REPUBLIKA.CO.ID, JAKARTA -- Anggota Komisi XI DPR Hendrawan Supratikno mengakui, RUU Pengampunan Pajak (tax amnesty) kerap mengundang polemik publik.
Sebab, negara alih-alih tegas malah mengampuni para pengemplang pajak yang mayoritas konglomerat. Hal itu dengan dalih menarik dana WNI di luar negeri ke Tanah Air.
"Memang pengampunan pajak di satu sisi memiliki dimensi ketidakadilan. Karena, untuk pembayar pajak yang setia, tidak ada insentif. Sementara, untuk yang tidak setia, salah, atau secara sengaja tidak jujur kok malah diberi insentif," kata Hendrawan Supratikno sesaat sebelum memasuki ruang rapat paripurna DPR RI, Jakarta, Selasa (8/12) malam.
Malam ini, rapat paripurna DPR RI digelar. Agenda yang akan dipenuhi, yakni mengesahkan RUU Pengampunan Pajak dan revisi UU KPK masuk ke dalam Prolegnas Prioritas 2015.
Politikus PDIP itu menjelaskan, tax amnesty memiliki tujuan jangka panjang yang hanya bisa dicapai bila Ditjen Pajak berbenah diri.
"Karena, kalau tidak, orang yang sudah berusaha jujur nanti jadi maling lagi," kata dia.

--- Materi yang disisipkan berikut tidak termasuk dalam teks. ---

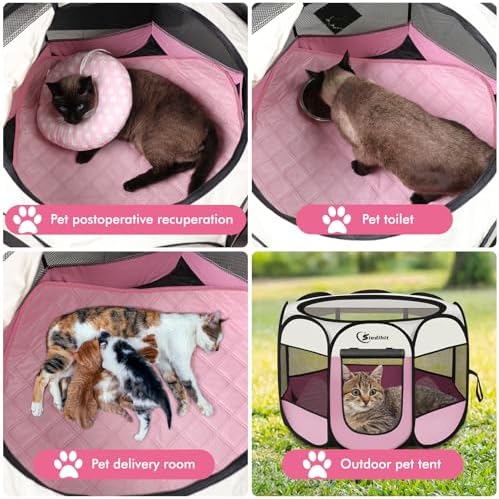 Siedihit Dog Cat Playpen, Puppy Pet Playpen Indoor for Small Dog Crate Tent Cage Outdoor, Portable Pop Up Dogs Enclosure Kennel with Carrying Case for Dogs/Cats/Rabbits(Pink, Small with pad) - Image 4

Dia pun mengakui, target pajak tahun ini spektakuler. Karena itu, menurut dia, tax amnesty merupakan salah satu solusi, di samping alternatif menambah jumlah utang luar negeri.

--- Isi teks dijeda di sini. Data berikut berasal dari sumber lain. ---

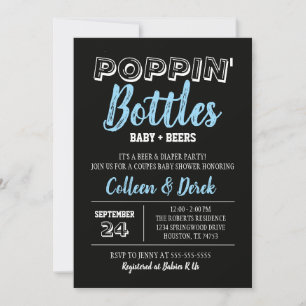 Uitnodiging voor baby- en bierschoeisel   Zwart-bl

Menurut Hendrawan, potensi penerimaan negara dari tax amnesty bisa mencapai Rp 100 triliun. Dia pun memastikan, kebijakan ini tak berarti mengampuni koruptor. Kendati demikian, dia mengakui, dana hasil korupsi yang ditanam di luar negeri sangat besar.
Karenanya, kata dia, ada yang menukas kebijakan ini tak akan efektif bila tidak menyertakan pengampunan terhadap koruptor kelas kakap.

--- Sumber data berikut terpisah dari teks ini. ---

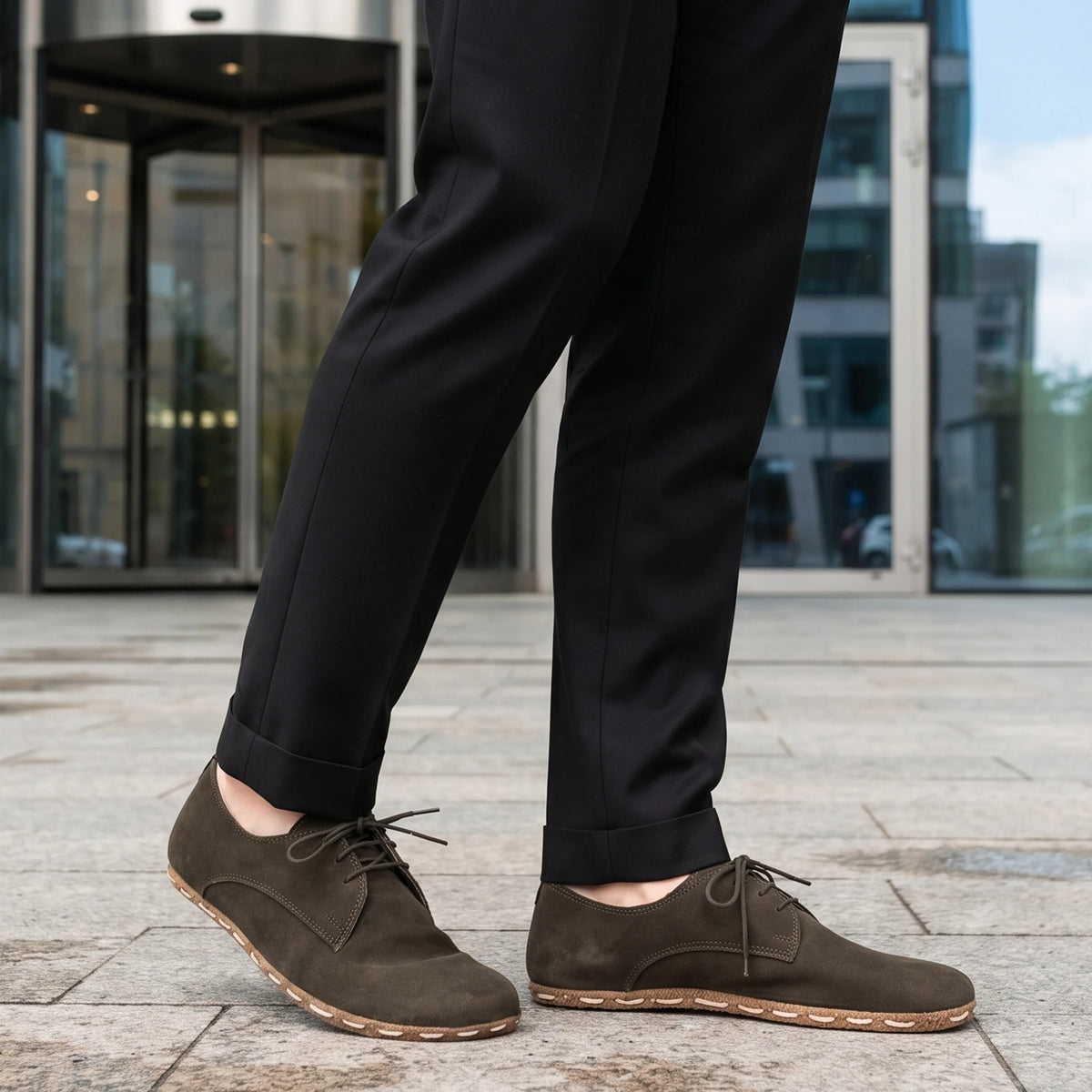 Suede Barefoot Oxford Shoes — Leather Sole – Green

"Kalau menurut perhitungan di atas kertas, itu antara Rp 70 triliun sampai Rp 100 triliun," ucap dia.
Namun, rapat paripurna malam ini mesti ditunda hingga Kamis (10/12) karena tidak memenuhi kuorum. Dari total jumlah anggota DPR, yang menandatangani presensi rapat paripurna ini hanya 144 orang, hingga bel rapat berbunyi pada pukul 20.00 WIB.